[Image-text web data]

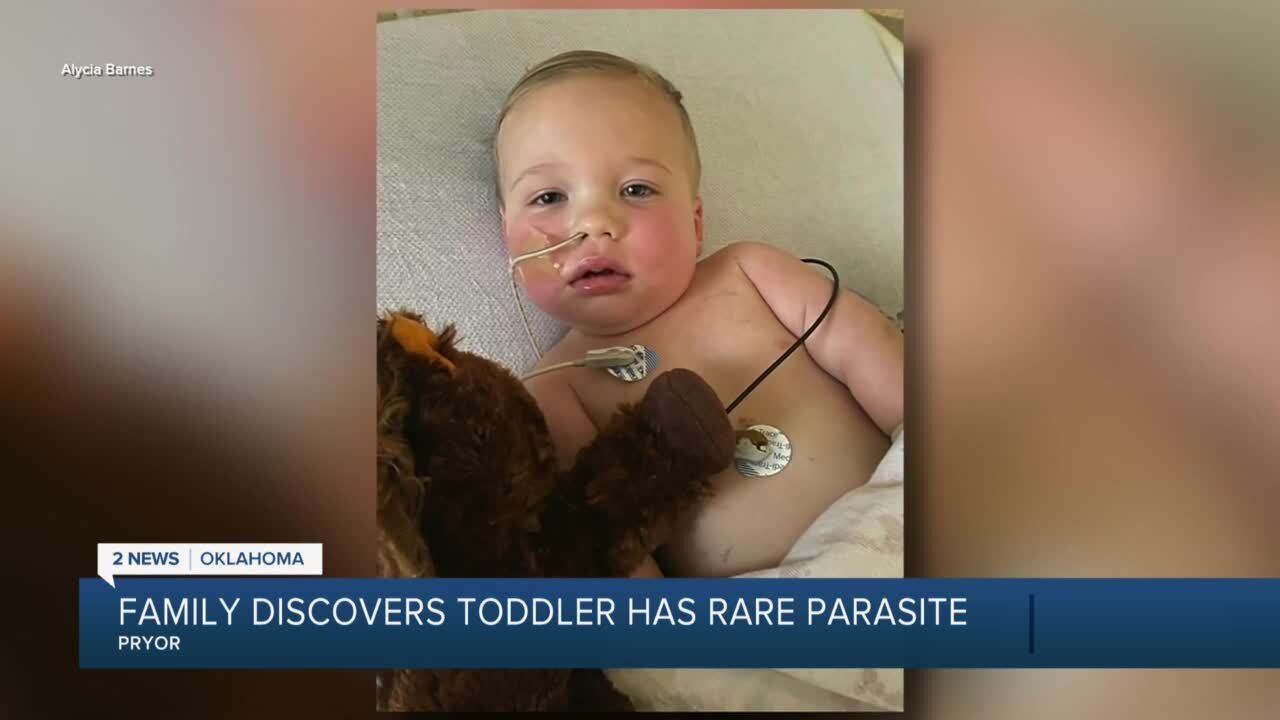 Family Discovers Toddler Has Rare Parasite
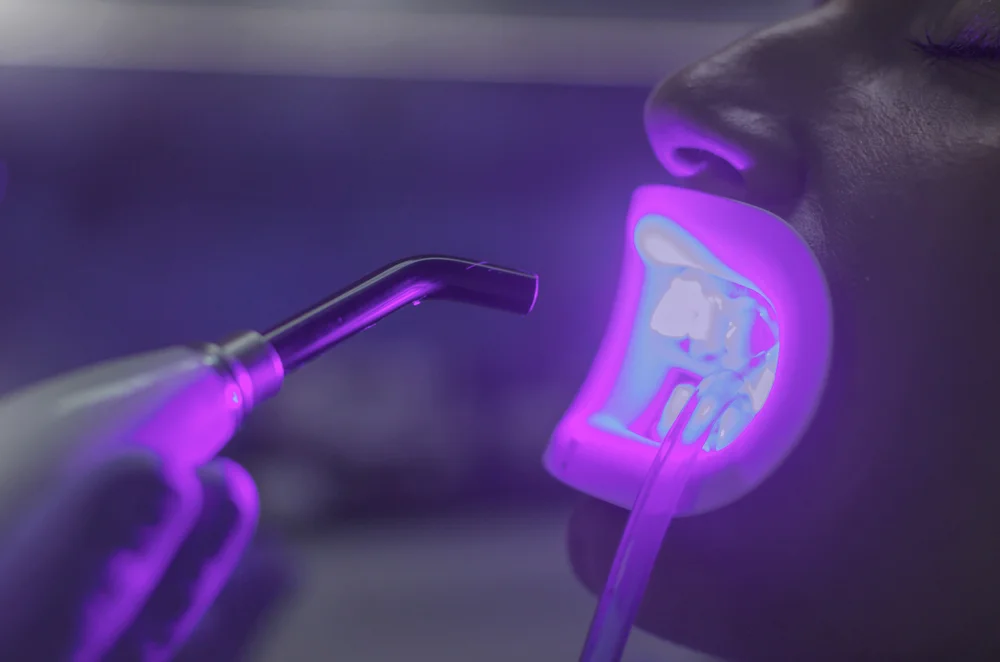 Best Gum Bleaching Results in Dubai Gum Bleaching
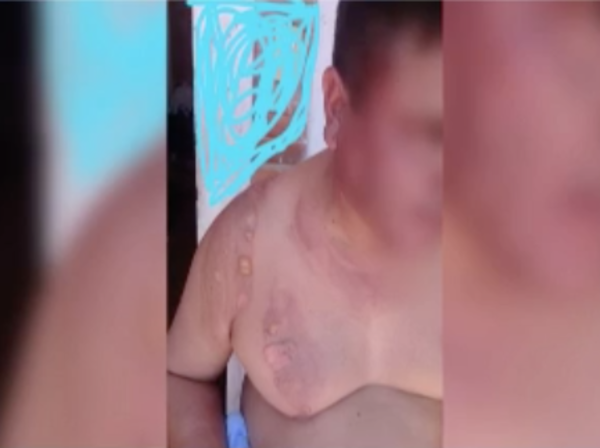 HOY / VIDEO | Pasajero tira agua caliente a chofer de bus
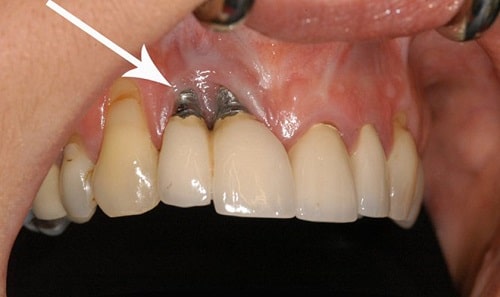 Triệu Chứng Phổ Biến Của Viêm Quanh Răng Implant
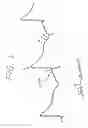 Fig. 02 - Methods for Determining a Vulnerable Window for the Induction of Fibrillation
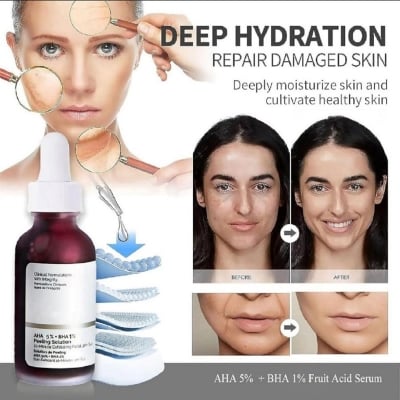 Picture of AHA 30% BHA 2% Peeling Solution Exfoliating Skin Care for Face And Body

WHAT IS NEEDED
Reproduce the data above without a single change, please, but without its pictures.

RESPONSE TO THE EXERCISE
 Family Discovers Toddler Has Rare Parasite
 Best Gum Bleaching Results in Dubai Gum Bleaching
 HOY / VIDEO | Pasajero tira agua caliente a chofer de bus
 Triệu Chứng Phổ Biến Của Viêm Quanh Răng Implant
 Fig. 02 - Methods for Determining a Vulnerable Window for the Induction of Fibrillation
 Picture of AHA 30% BHA 2% Peeling Solution Exfoliating Skin Care for Face And Body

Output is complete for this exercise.